- What the task asks:
Return only the stretch of the material below that begins with the line containing "Bağlıca noterlik (etimesgut" and ends with the line containing "StarTech.com Câble Connecteur", exactly; both of those lines belong to it.

Input data Start Marker

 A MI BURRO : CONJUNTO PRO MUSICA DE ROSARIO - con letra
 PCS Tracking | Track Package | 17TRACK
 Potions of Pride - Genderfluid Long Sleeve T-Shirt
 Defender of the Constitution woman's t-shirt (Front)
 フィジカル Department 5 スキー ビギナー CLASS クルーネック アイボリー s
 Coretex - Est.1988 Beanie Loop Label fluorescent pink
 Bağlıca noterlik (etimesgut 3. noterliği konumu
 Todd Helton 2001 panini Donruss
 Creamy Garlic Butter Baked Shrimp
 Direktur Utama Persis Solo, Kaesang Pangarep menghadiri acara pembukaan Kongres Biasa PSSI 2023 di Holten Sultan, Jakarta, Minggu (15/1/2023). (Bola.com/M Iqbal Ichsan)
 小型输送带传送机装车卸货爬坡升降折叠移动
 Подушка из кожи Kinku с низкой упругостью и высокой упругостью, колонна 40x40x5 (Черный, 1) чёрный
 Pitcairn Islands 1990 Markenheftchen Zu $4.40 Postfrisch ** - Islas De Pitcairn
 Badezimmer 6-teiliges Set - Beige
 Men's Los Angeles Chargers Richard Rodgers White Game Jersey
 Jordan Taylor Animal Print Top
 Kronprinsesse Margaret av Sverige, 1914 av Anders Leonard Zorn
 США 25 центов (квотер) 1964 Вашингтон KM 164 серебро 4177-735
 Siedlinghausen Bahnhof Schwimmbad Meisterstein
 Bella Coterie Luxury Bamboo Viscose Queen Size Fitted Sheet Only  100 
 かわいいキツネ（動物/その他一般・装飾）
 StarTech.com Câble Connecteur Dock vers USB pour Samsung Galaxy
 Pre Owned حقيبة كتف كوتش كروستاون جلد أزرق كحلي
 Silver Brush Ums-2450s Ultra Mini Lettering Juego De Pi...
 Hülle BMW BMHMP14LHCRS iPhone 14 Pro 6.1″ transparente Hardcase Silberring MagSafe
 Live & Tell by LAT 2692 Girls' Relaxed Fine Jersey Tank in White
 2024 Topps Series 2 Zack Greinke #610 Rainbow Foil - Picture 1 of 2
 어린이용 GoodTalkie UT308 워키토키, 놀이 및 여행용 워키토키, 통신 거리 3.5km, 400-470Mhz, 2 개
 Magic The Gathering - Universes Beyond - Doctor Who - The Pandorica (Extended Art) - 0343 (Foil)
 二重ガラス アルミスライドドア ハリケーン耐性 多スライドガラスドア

Input data End Marker

- Solution for this problem:
 Bağlıca noterlik (etimesgut 3. noterliği konumu
 Todd Helton 2001 panini Donruss
 Creamy Garlic Butter Baked Shrimp
 Direktur Utama Persis Solo, Kaesang Pangarep menghadiri acara pembukaan Kongres Biasa PSSI 2023 di Holten Sultan, Jakarta, Minggu (15/1/2023). (Bola.com/M Iqbal Ichsan)
 小型输送带传送机装车卸货爬坡升降折叠移动
 Подушка из кожи Kinku с низкой упругостью и высокой упругостью, колонна 40x40x5 (Черный, 1) чёрный
 Pitcairn Islands 1990 Markenheftchen Zu $4.40 Postfrisch ** - Islas De Pitcairn
 Badezimmer 6-teiliges Set - Beige
 Men's Los Angeles Chargers Richard Rodgers White Game Jersey
 Jordan Taylor Animal Print Top
 Kronprinsesse Margaret av Sverige, 1914 av Anders Leonard Zorn
 США 25 центов (квотер) 1964 Вашингтон KM 164 серебро 4177-735
 Siedlinghausen Bahnhof Schwimmbad Meisterstein
 Bella Coterie Luxury Bamboo Viscose Queen Size Fitted Sheet Only  100 
 かわいいキツネ（動物/その他一般・装飾）
 StarTech.com Câble Connecteur Dock vers USB pour Samsung Galaxy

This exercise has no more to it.